A World Trade Organization (WTO) arbitrator on October 2 issued its decision in the nearly 15-year-old dispute against the EU dryly titled “Measures Affecting Trade in Large Civil Aircraft.” The arbitrator authorized the United States to impose “countermeasures”—that is, tariffs—on about $7.5 billion of imports from the European Union in response to EU government support for Airbus.
This is a dispute that has dragged on for nearly 15 years, but it has now come to a head: The Office of the U.S. Trade Representative has indicated it will proceed with these tariffs on October 18.
USTR has released a list of imports from the EU to be subjected to tariffs. The USTR statement indicates tariffs will be imposed on Airbus aircraft and a range of other products including spirits, wine, olive oil, cheeses, apparel, and hand tools.
USTR notes that although it has received from the WTO “the authority to apply a 100 percent tariff on affected products, at this time the tariff increases will be limited to 10 percent on large civil aircraft and 25 percent on agricultural and other products.”
Those are the facts in the dispute. The question is: What is the best path forward?
First, there’s agreement that the WTO is the appropriate venue to address trade disputes. Both the outgoing EU Trade Commissioner Cecilia Malmström and her successor Phil Hogan, who takes office November 1, have recently reiterated the EU’s commitment to the WTO and multilateral rules. Obviously, the United States has used the WTO dispute settlement process to get to this point.
For our part, the Chamber has long agreed it is appropriate for trade disputes to be addressed by the WTO’s Dispute Settlement Body.
Second, there’s broad agreement that tariffs will inflict economic harm. Malmström stated this week that the application of tariffs would inflict “damage on businesses and citizens on both sides of the Atlantic, and harm global trade and the broader aviation industry at a sensitive time.”
In the United States, concern about the impact of tariffs has grown. The U.S. economy has recently slowed, with declining agriculture and manufacturing indices drawing broad concern. Surveys show business executives in many sectors expressing worries about the effects of tariffs—and support for efforts to ratchet down trade tensions.

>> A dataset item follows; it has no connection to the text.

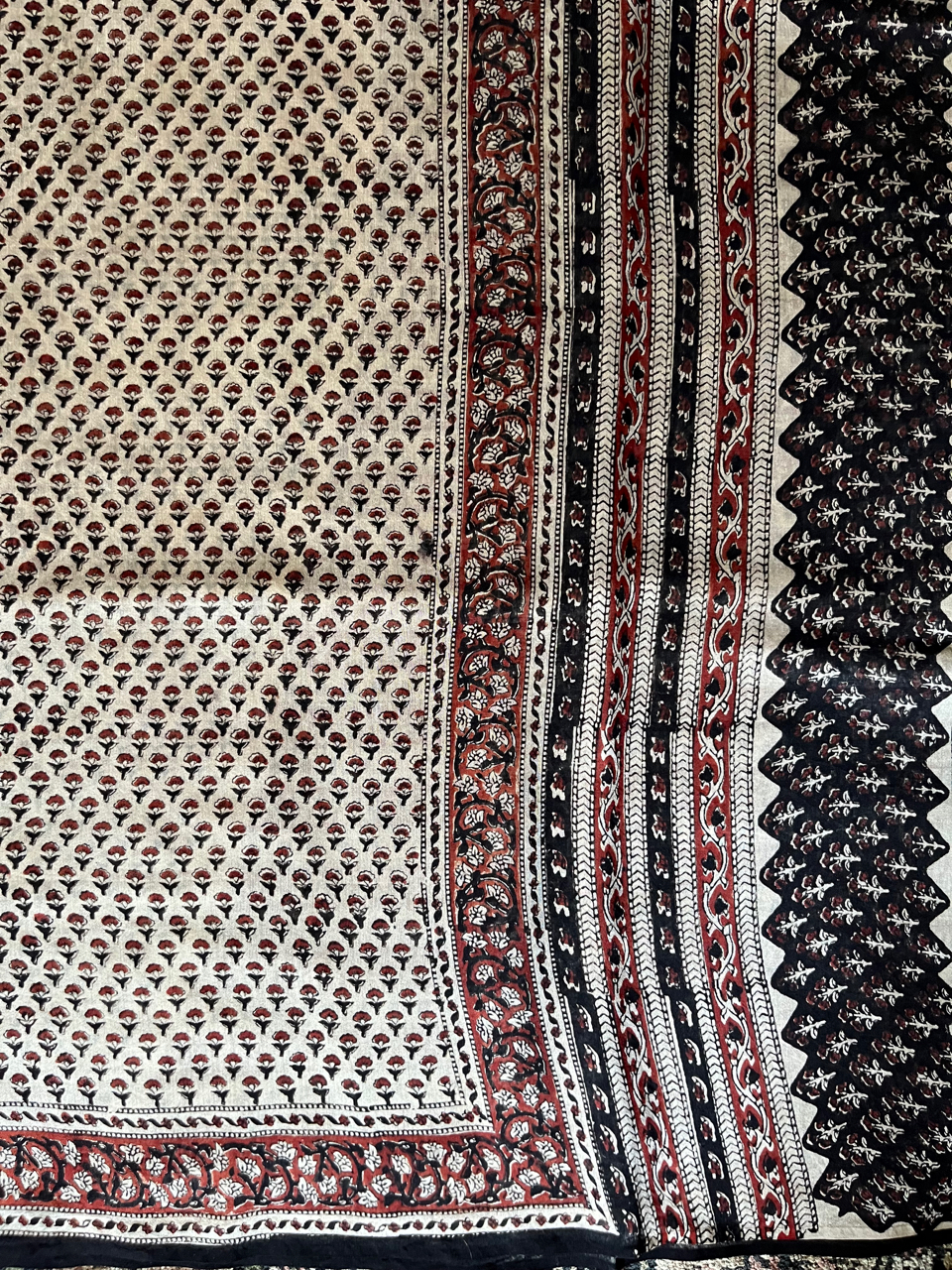 Bagru hand block printed cotton-silk saree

Third, the parties to the dispute are expressing a desire to resolve the matter via negotiations. U.S. Trade Representative Robert Lighthizer stated on October 2 that the United States expects “to enter into negotiations with the European Union aimed at resolving this issue in a way that will benefit American workers.”
Malmström also expressed a desire to reach a negotiated outcome: “The European Commission has consistently communicated to the United States that the European Union is ready to work with them on a fair and balanced solution for our respective aircraft industries.”
The USTR statement calls attention to the fact that it is proceeding with lower tariffs than it might have done, for now. USTR’s statement observes that the United States “has the authority to increase the tariffs at any time, or change the products affected.”
Surely this is intended to send a message of urgency: Now is the time to negotiate and swiftly reach a deal.
These negotiations are a chance to look to the future and set enduring rules in this area. New market entrants in the large civil aircraft sector are beginning to emerge. Addressing these issues now offers potential benefits for all concerned.
The Chamber is hopeful that the United States and the EU can reach a negotiated outcome to this dispute in short order that will end WTO-inconsistent subsidies to large civil aircraft and put to rest the threat of tariffs on transatlantic trade.